Austrian wine is gru-vee
Local musical artist Gary Seiler wrote a poetic song about San Diego after Labor Day, which includes the refrain: “Beaches are empty, yeah. It’s good to be back home!” He sings of vanishing tourists and how special our home is this time of year, including its having the best weather of the season.
Weather is a natural flavor to partner with wine. If that is a difficult concept to grasp, think of a steaming cup of hot chocolate on the back porch after a long day of skiing in Mammoth. Now picture yourself with that same cup of cocoa at La Jolla Cove in September.
Warm sunshine and chardonnay? Save that one for someone else. Gruner veltliner, Austria’s native and most important grape, offers a crisp change of pace that pairs perfectly with San Diego’s warm foray in to fall.

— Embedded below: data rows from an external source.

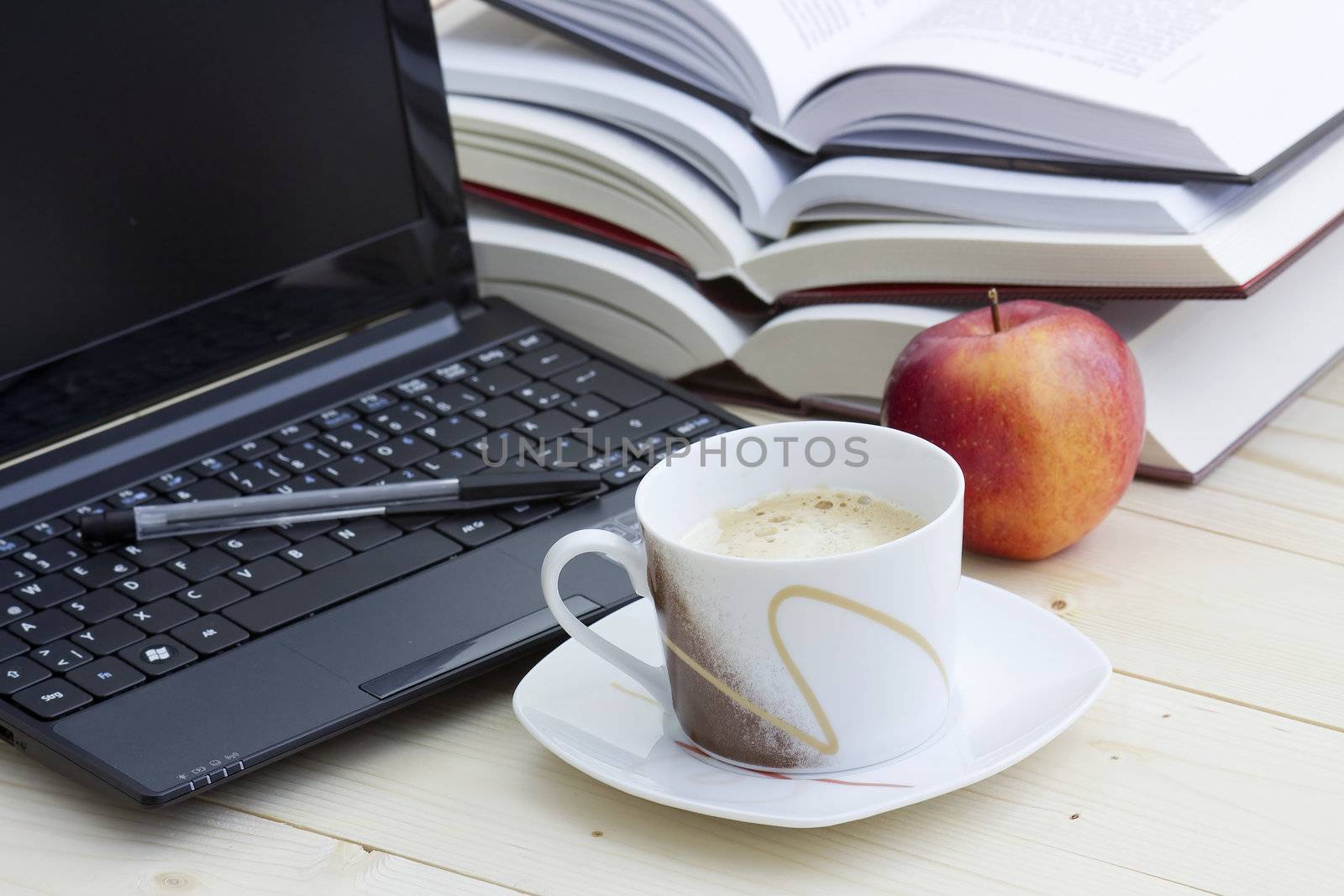 cup of coffee, laptop and books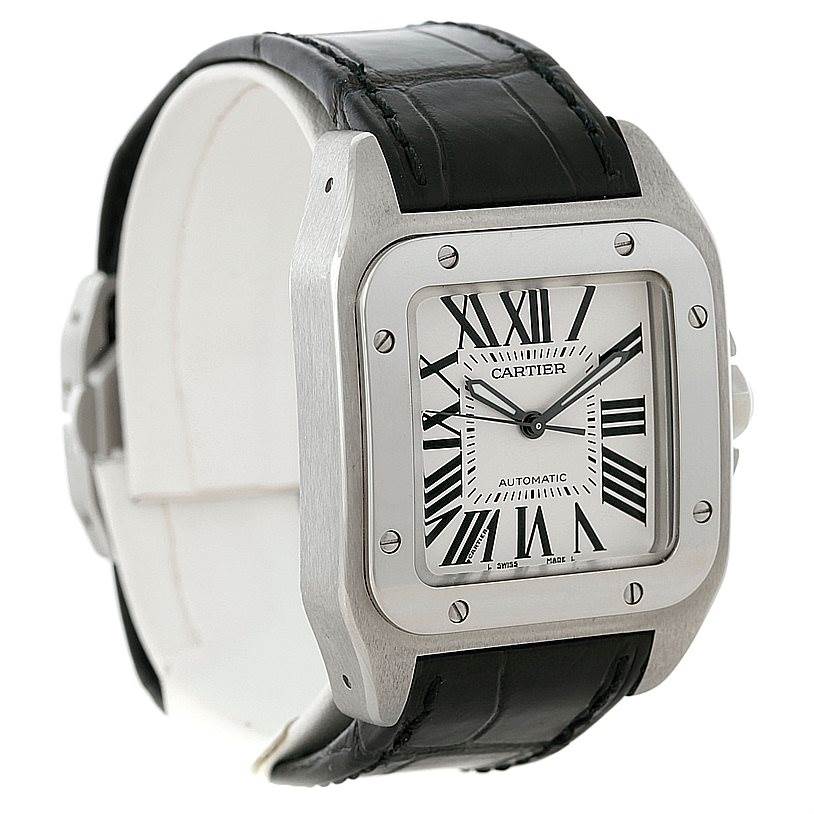 This image shows a Cartier Santos W20106X8 Men
s Stainless Steel Silver Dial W20106X8 Men
s Stainless Steel Silver Dial watch from a three-quarter view, highlighting its square face, black leather strap, and Roman numeral dial.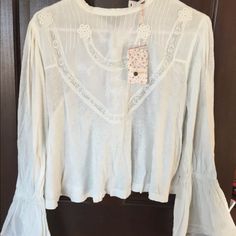 Free People New With Tags $108.00 Retail Xs Viscose/ Linen Gorgeous Peasant Boho Top With Wide Sleeves, Embroidered And Lace Appliqus, Buttons Down In The Back. Fits Cropped. Festival Ready! Bust (Underarm To Underarm)- 19” Length (Shoulder To Bottom Hem)-19.5” Necklace Is Not Included P Casual White Blouse With Boho Collar, Casual Lace Trim Blouse For Festivals, White Spring Blouse With Boho Collar, White Boho Collar Blouse For Spring, Long Sleeve Top With Lace Trim For Festivals, Long Sleeve Tops With Lace Trim For Festival, White Blouse With Boho Collar For Spring, White Peasant Top With Boho Collar, White Bohemian Peasant Top With Boho Collar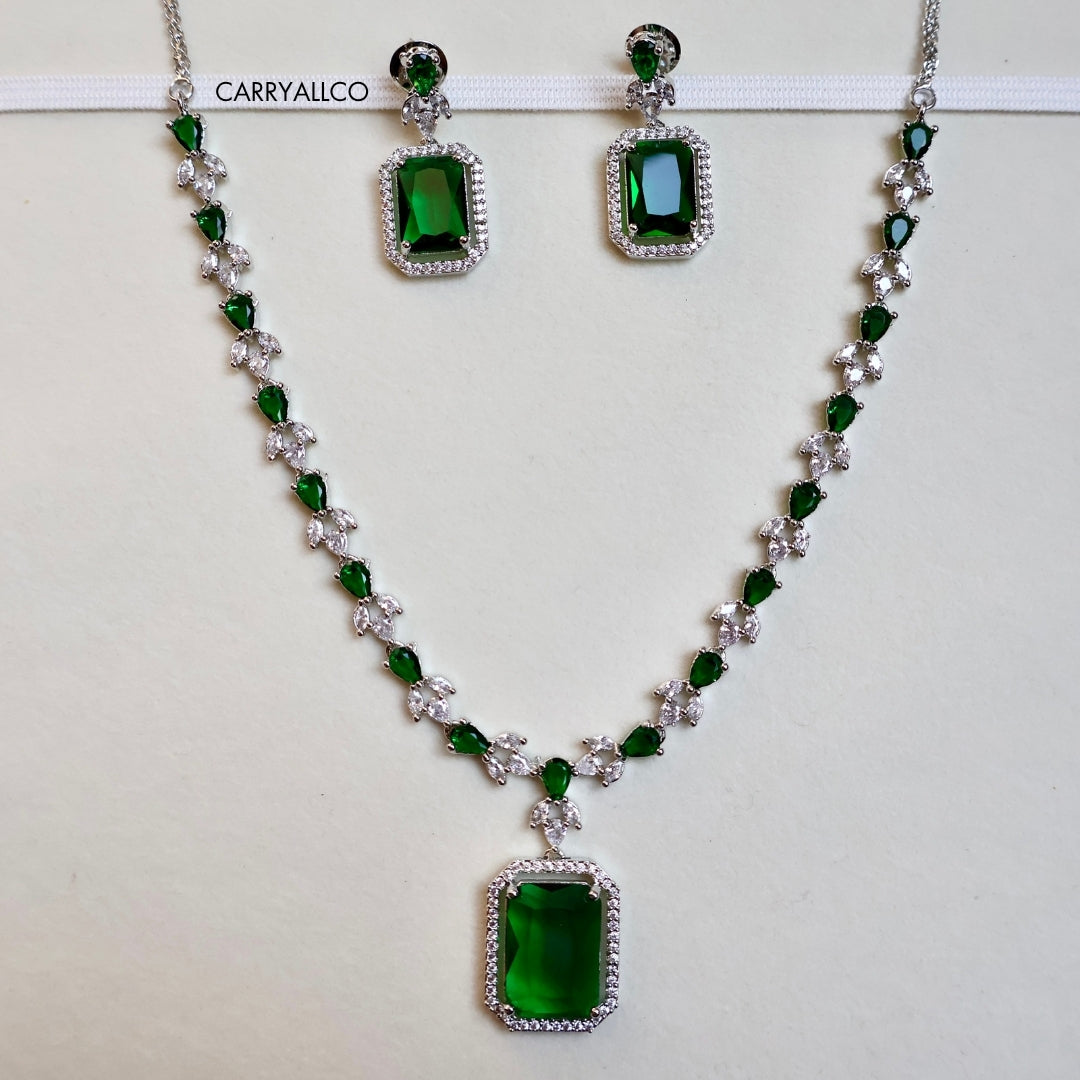 Jewelry set with necklace and earrings featuring green gemstones on a white background.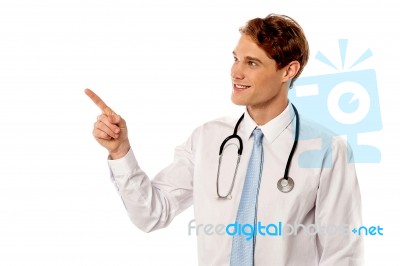 Young Doctor Pointing At Something Stock Photo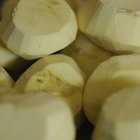 Peeling potatoes on the wooden table horizontal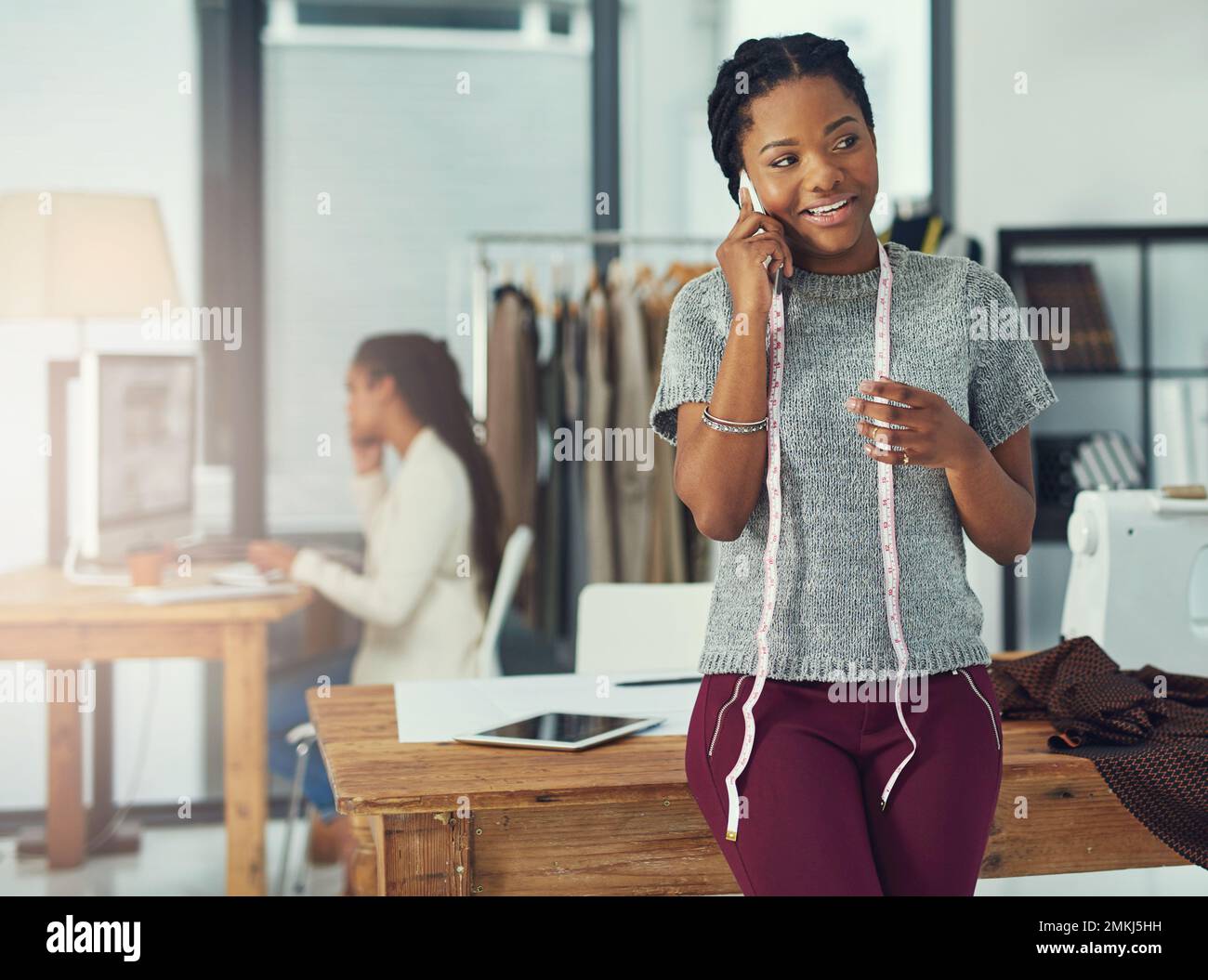 Je vis, mange et respire la mode. une designer parlant au téléphone avec sa collègue a été floue en arrière-plan. Banque D'Images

Let’s start with simplifying the name. Officially, it’s pronounced “GREWH-ner FEHLT-lee-ner.” Certainly a mouthful, and one wine professionals are making user-friendly by either shortening to the initials G.V. or calling it by its nickname “gru-vee,” the latter certainly describing how this wine is being accepted across the country.
“When I pour it at the wine bar, people usually end up buying it,” said Bill Boyer of The Wine Loft in Carlsbad on the increased awareness and popularity of the varietal.

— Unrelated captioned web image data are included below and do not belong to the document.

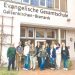 Group of educators posing outside a German school building during an international study trip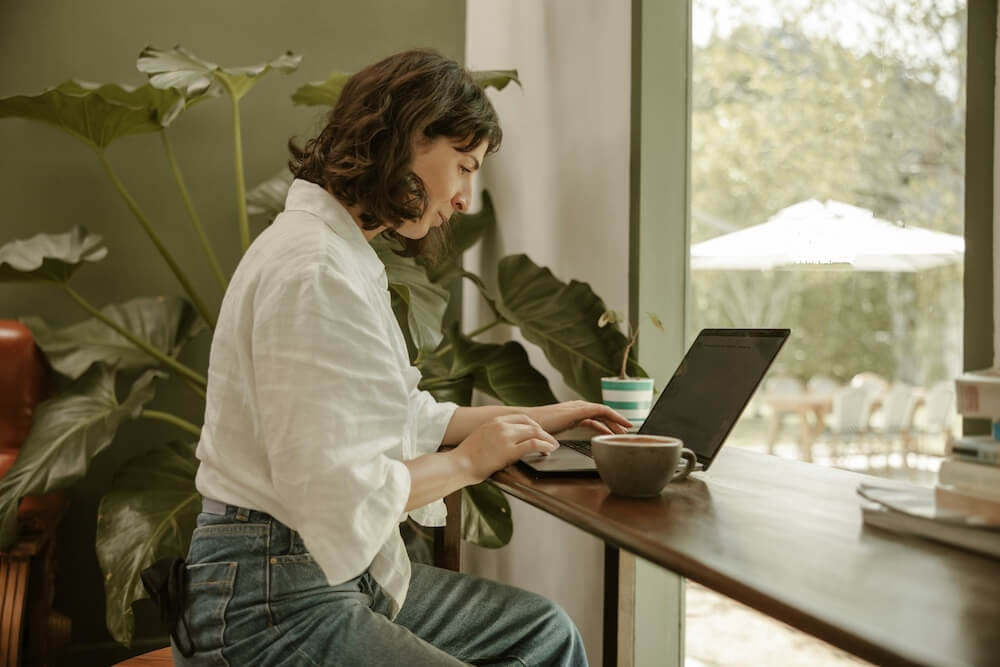 A feminine-presenting person with bob-length wavy dark brown hair and bangs sits on a stool at a window countertop, presumably in a coffee shop. She wears a white collared shirt and light blue jeans. She's looking at her laptop screen and getting ready to click on something. There's a mug on the counter next to her. 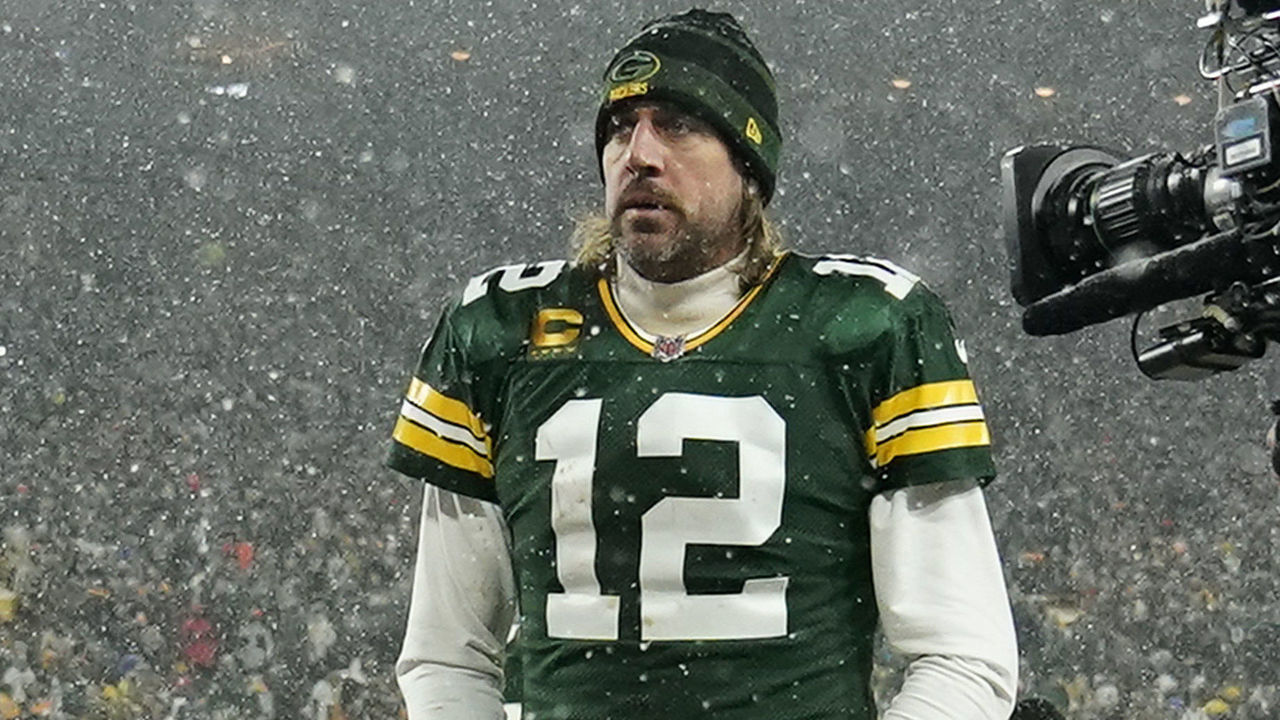 GREEN BAY, WISCONSIN - JANUARY 22: Quarterback Aaron Rodgers #12 of the Green Bay Packers exits the field after losing the NFC Divisional Playoff game to the San Francisco 49ers at Lambeau Field on January 22, 2022 in Green Bay, Wisconsin.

Since the 1980s, Austrian vineyard managers have been experimenting with lower yields and therefore higher ripeness levels. The results were richly flavored wines while still retaining balanced acidity levels. These changes in the vineyard have led to the proliferation of gru-vee exports across the globe.
On the table, gru-vee is among the most food-friendly wines available, even being a natural partner to the nearly impossible to pair asparagus and artichoke. Modern cooking’s focus on the fresh flavors of local ingredients is highlighted by the brightness of these wines.
Due to the grape’s naturally high acidity levels, these wines are among the few excellent white wine cellar candidates. Acidity acts as a preservative and allows these wines to mature for a decade or more.
Though gru-vee is made in many countries, it is best expressed in Austria, and specifically the Wachau (pronounced va-COW) region. Here the lime and grapefruit aromas marry perfectly with the varietal’s hallmark feature, white pepper.
Gru-vee tastes like it is from the same family as riesling, but without the petrol aromas and the sometimes-accompanying sweetness. The two varietals share similar weight and, for wine geeks, clarity of place, making a side-by-side tasting of different vineyards from a single vintage a pleasurable exercise.
Excellent gru-vees can be found at most any wine shop in the county for around $15, including at Carlsbad’s The Wine Loft at the wine bar, if you want to try before you buy.
Chardonnay is great, and absolutely has its place at the table, but there is no better way to chill away the late San Diego summer than kicking back with a cool glass of gru-vee and the Jimmy Buffet-like sounds of Gary Seiler.